Balota, David A., Journal of Experimental Psychology: Human perception and performance. June, 1984 vol 10(3) pp.340-357
Three experiments with 80 undergraduates investigated the impact of 5 lexical variables (instance dominance, category dominance, word frequency, word length in letters, and word length in syllables) on performance in 3 tasks involving word recognition: category verification, lexical decision, and pronunciation. Although the same set of words was used in each task, the relationship of the lexical variables to RT varied significantly with the task within which the words were embedded. The effect of word frequency was minimal in the category verification task, whereas it was significantly larger in the pronunciation task and significantly larger yet in the lexical decision task. It is argued that decision processes having little to do with lexical access accentuate the word-frequency effect in the lexical decision task and that results from this task have questionable value in testing the assumption that word frequency orders the lexicon, thereby affecting time to access the mental lexicon. A simple 2-stage model is outlined to account for the role of word frequency and other variables in lexical decision. The model is applied to the results of the reported experiments and some of the findings in other studies of lexical decision and pronunciation.

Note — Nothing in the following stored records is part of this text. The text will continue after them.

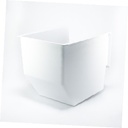 Basket-sliding 240564301 CKD0522482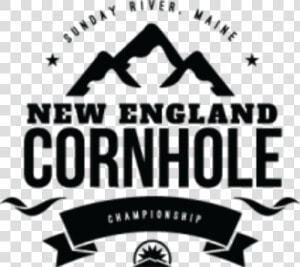 New England Cornhole Championships  HD Png Download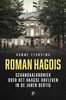 Afbeelding van Roman Hagois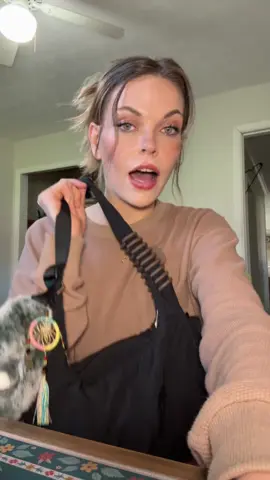 They just restocked all the colors for too! @WESTBRONCO #purse #bag #handbag #shoulderbag #pursecollection #purses #totebags #crossbody #crossbodybag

Sharon A. Mutter., The American Journal of Psychology, 1987, vol 100, No.1 pp.93-116
Cognitive effort requirements for high and low frequency words were assured during study for recognition test and during the performance of a lexical decision task. Recognition for these words was tested following each task. Low frequency words received greater effort than high frequency words during study for recognition, and these words were subsequently recognised better than high frequency words. Cognitive effort requirements during performance of an incidental lexical decision task were similar to those during study for recognition. Moreover, recognition performance following the lexical decision task resembled performance following a recognition expectancy. Overall, the results indicate that low frequency words require more extensive processing than high frequency words and that this difference in processing may be a factor in recognition word frequency effects.